On a rooftop in Lisbon, Franz Beckenbauer makes the x-thousandth speech of his life. “I loved Lisbon before I ever came here,” reveals the most celebrated living German in that soothing Bavarian singsong, “because aged about 20 I read all of Erich Maria Remarque’s work, some of it several times, and I loved The Night in Lisbon.”
Everyone is surprised. Few people have read anything by Remarque except All Quiet on the Western Front. The Kaiser has charmed yet another audience.
Every year is Beckenbauer’s year, but 2006 is more so than usual. The man who won one football World Cup as a player, another as a manager, and a third as a campaigner when
he snagged this year’s event for Germany, is now organising the tournament. Next week he resumes his global odyssey to charm every country coming to the World Cup. At home, his role in Germany’s psyche keeps expanding: Beckenbauer towers over today’s Federal Republic, bigger than its footballers or intellectuals or chancellors. And he is becoming possibly football’s mightiest politician.
Beckenbauer is a phoenix from Nazi Germany’s ashes. He was born in a bombed-out Munich in September 1945, the country’s “Hour Zero”. His father worked in the post office. His mother died last week aged 92. Franz started out as an insurance agent and a part-time footballer with Bayern Munich.
He became a free-ranging defender and Germany’s greatest footballer. Most German players are Kämpfer, battlers. But Beckenbauer ran with his head up, his back straight and such elegance that few opponents had the effrontery to tackle him.
Off the field he embodied the ambitious, money-oriented Federal Republic. Beckenbauer was an instinctive bourgeois. He married young – to the first in a parade of elegant blondes – and took elocution lessons. He always tried to ally himself with the mighty: with Bavaria’s rightwing Christian Social Union, and with Germany’s biggest tabloid Bild Zeitung.
But he also, always, had charm: looks, wit and a lightness of touch. “He is so nice,” one of his fellow World Cup-winners of 1974 told me. “When he sees you he remembers everything about you, drapes his arm around you, asks how you are.”
At 20 Beckenbauer was already plugging soup on television.
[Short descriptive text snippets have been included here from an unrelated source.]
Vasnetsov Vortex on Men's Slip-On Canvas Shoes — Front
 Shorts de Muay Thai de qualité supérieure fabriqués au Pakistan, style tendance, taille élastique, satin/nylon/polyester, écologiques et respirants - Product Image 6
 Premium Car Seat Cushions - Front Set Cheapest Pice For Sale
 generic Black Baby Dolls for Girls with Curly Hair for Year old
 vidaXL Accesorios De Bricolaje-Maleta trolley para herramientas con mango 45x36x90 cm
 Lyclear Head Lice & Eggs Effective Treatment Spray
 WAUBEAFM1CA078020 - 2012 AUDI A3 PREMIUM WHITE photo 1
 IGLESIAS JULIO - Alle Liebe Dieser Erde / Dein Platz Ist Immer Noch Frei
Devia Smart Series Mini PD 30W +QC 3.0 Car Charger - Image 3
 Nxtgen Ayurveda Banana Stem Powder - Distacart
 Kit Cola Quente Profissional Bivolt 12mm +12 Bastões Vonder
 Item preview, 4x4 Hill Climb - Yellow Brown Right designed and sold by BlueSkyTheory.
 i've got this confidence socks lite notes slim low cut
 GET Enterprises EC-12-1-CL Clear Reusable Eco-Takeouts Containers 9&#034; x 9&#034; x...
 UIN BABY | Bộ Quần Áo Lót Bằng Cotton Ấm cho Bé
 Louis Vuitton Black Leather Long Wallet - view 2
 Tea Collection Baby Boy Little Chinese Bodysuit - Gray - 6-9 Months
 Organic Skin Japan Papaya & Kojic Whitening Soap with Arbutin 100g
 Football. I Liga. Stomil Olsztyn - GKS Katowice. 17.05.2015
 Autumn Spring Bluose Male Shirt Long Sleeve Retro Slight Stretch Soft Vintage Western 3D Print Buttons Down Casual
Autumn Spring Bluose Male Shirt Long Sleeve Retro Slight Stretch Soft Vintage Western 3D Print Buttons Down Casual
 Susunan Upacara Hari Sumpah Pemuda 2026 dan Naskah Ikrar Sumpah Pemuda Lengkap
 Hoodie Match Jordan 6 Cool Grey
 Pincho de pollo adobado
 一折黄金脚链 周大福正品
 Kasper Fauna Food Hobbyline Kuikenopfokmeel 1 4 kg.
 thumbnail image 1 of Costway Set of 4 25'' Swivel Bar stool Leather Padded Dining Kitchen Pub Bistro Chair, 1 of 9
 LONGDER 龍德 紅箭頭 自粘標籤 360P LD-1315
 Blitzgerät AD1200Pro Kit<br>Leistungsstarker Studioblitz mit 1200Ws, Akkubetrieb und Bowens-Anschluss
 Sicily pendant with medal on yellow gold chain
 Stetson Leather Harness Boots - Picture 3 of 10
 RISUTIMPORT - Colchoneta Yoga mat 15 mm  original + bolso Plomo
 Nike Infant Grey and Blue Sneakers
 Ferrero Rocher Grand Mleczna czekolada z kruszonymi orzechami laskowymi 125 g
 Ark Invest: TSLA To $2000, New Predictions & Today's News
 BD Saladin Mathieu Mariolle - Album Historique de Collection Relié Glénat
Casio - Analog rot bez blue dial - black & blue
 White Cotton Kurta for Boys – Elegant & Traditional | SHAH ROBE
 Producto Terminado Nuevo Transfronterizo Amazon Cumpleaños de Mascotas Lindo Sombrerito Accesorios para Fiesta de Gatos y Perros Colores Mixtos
In 40 years since, his omnipresence in advertisements has made him practically the collective face of German business. The former team-mate mimes Beckenbauer ducking as companies throw money at him: “ ‘Here’s 1m euros! ‘Here’s another 1m!’ ”
When the Federal Republic hosted its first World Cup in 1974, Beckenbauer began as German captain and soon unofficially usurped the coach’s job. During the tournament he announced a shift to more “realistic” football, reshuffled the team, and ended up lifting the World Cup in his home town.
The great player became a great manager. In 1986 he coached Germany to the World Cup final. His team played ugly, battling “realistic” football, and during their matches
the eye was drawn to the figure of Beckenbauer, posed beside his dugout with such elegance that one forgave his check trousers.
As coach, he always carefully distanced himself from his teams, so that their shortcomings couldn’t tarnish his reputation. Days before the final, chatting to friends, he intoned the names of several of his players and guffawed. What was so funny? “Just imagine,” said Beckenbauer, “on Sunday these guys might be world champions!” They weren’t: they lost to Argentina. In 1990 Beckenbauer did win Germany another World Cup. Again as manager he produced “realistic football” rather than the elegant game he had played himself. That night in Rome,
while his players went bananas, Beckenbauer strolled alone across the pitch, gold medal around his neck, gazing about him like a man walking his dog. He was saying goodbye to football.
But he soon returned in his third incarnation as football politician. Again he “won” a World Cup. Nothing can damage Beckenbauer in Germany now: not his constant contradictory comments to the nearest microphone, nor his difficulties with blondes. He simply laughs at himself and Germans forgive him. In a country tired of upheaval, he represents a reassuring continuity. He no longer has to court Germany’s mighty, because they now queue to court him.
Nor is Beckenbauer tarnished by the past. His date of birth absolves him from German sin, and he seldom dwells on nazism. Campaigning in 1998 to bring the 2006 World Cup to Germany, he said: “All over the world they’re still showing those old films harking back to things that happened 40, 50 years ago. That gives a wrong impression of this country...A World Cup gives you a chance to present yourself to the world.”
This summer he will be doing the presenting. Beckenbauer is still the Germany that wins with a smile. Only when criticised does he lose his cool. This month, after a consumer group branded eight World Cup stadiums unsafe, Beckenbauer mounted his earthly pulpit of Bild to advise the group to stick to “face cream, olive oil and Hoovers”.
Beckenbauer is outgrowing Germany. Next year he may stand
for president of Europe’s football association Uefa. If he stands he will surely win. He always does. As the only official popular with European fans, he would be quite a force. Soon his nickname of Kaiser may require an upgrade to something grander.